I am assuming zookeeper & kafka in each user's own folder as 'kafkaflume'
There are 2 folders inside kafkaflume folder: one is zookeeper, another one is kafka
Here a configuration file also given : flumekafka.conf
You need to edit this file as per your requirements.
First need to start zookeeper:
open a terminal, go zookeeper folder and start it :
bin/zkServer.sh start
open another terminal, go kafka folder and start it as :
bin/kafka-server-start.sh config/server.properties
open another terminal, go kafka folder and start producer program as :
bin/kafka-console-producer.sh --broker-list localhost:9092 --topic <topicname>
Now edit flumekafka.conf file as well as prepare hdfs folder for data loading.

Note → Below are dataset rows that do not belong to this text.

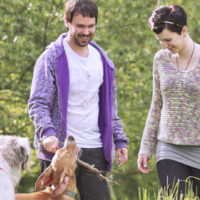 Man and woman playing with dog while on hike.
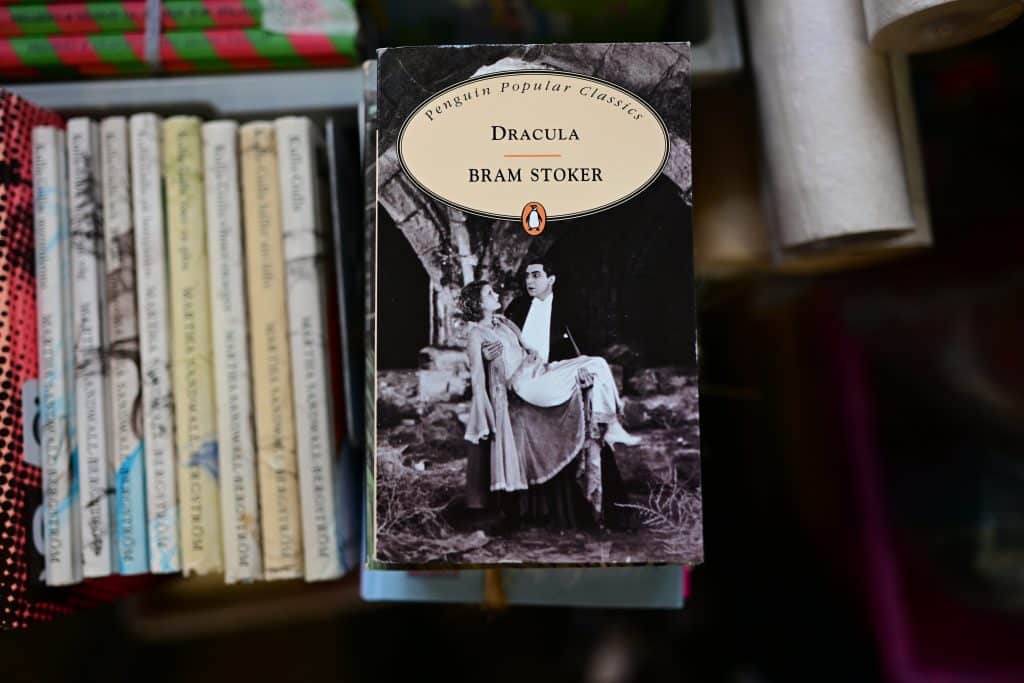 A cover of Bram Stoker's Dracula shows a vampire man holding a woman bridal style. It's black and white.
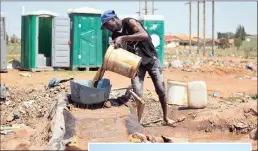  ??  ?? A zama zama pours water through a bucket-turnedsiev­e onto a “Jameson table” in a Johannesbu­rg informal settlement.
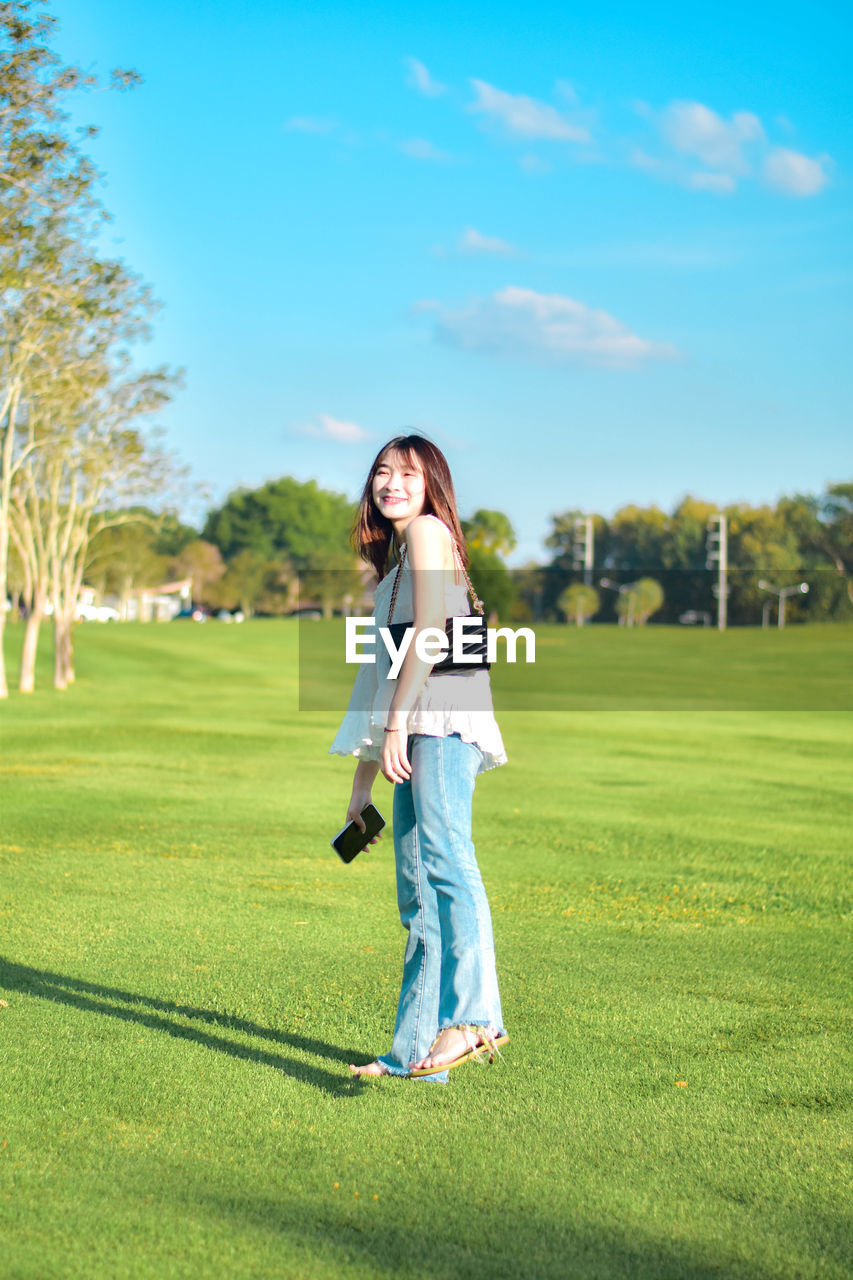 grass, full length, leisure activity, plant, adult, women, casual clothing, one person, activity, nature, sports, happiness, green, golf, emotion, golf course, young adult, smiling, sky, standing, tree, lifestyles, sunlight, lawn, cheerful, female, weekend activities, portrait, day, enjoyment, shadow, brown hair, long hair, relaxation, recreation, copy space, positive emotion, hairstyle, outdoors, fashion, looking, golf club, summer, green - golf course, holding, fun, person, front view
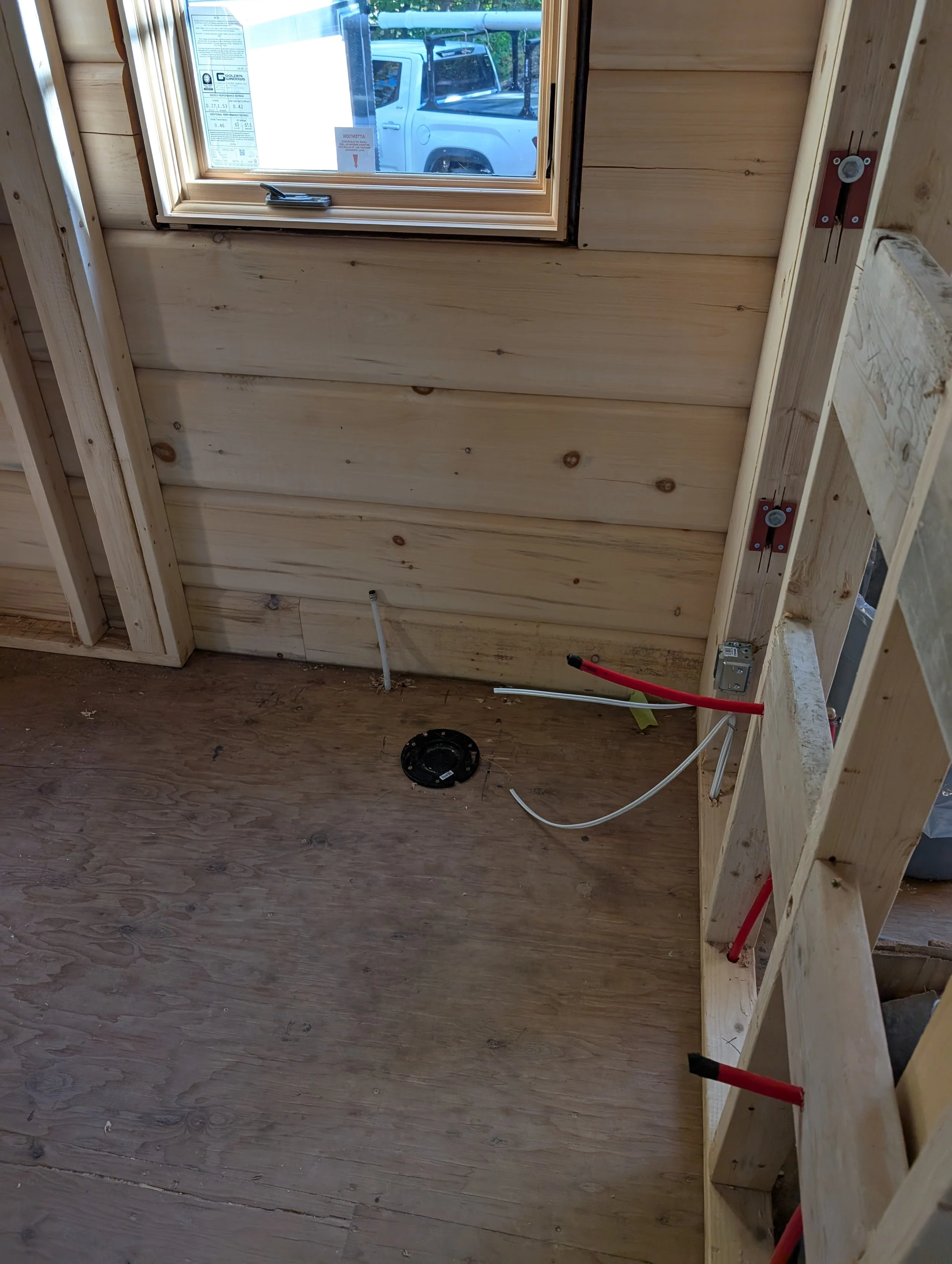 Interior view of a wooden wall under construction with a window, electrical outlet box, wires, and construction tools and materials visible.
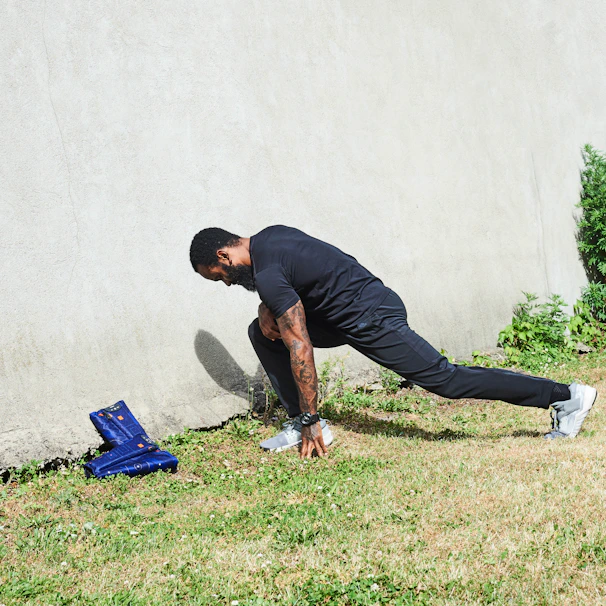 An athlete stretching in a black and orange Nuifit tracksuit against an urban graffiti wall.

Now run flume agent command from console.
=======================
Configuration file for Flume:=======================
# Name the components on this agent
agent.sources = r1
agent.sinks = k2
agent.channels = c1
# Describe/configure the source
agent.sources.r1.type = org.apache.flume.source.kafka.KafkaSource
agent.sources.r1.zookeeperConnect = localhost:2181
agent.sources.r1.topic = <topicname>
agent.sources.r1.groupId = group1
agent.sources.r1.channels = c1
agent.sources.r1.interceptors = i1
agent.sources.r1.interceptors.i1.type = timestamp
agent.sources.r1.kafka.consumer.timeout.ms = 10000
# Describing/Configuring the sink
agent.sinks.k2.type = hdfs
agent.sinks.k2.hdfs.path = hdfs://localhost:8020/user/<username>/<foldername>/%y-%m-%d
agent.sinks.k2.hdfs.rollInterval = 5
agent.sinks.k2.hdfs.rollSize = 0
agent.sinks.k2.hdfs.rollCount = 0
agent.sinks.k2.hdfs.fileType = DataStream
agent.sinks.k2.channel = c1
# Describing/Configuring the channel agent.channels.MemChannel.type = memory
agent.channels.c1.type=memory
agent.channels.c1.capacity = 10000
agent.channels.c1.transactionCapacity = 1000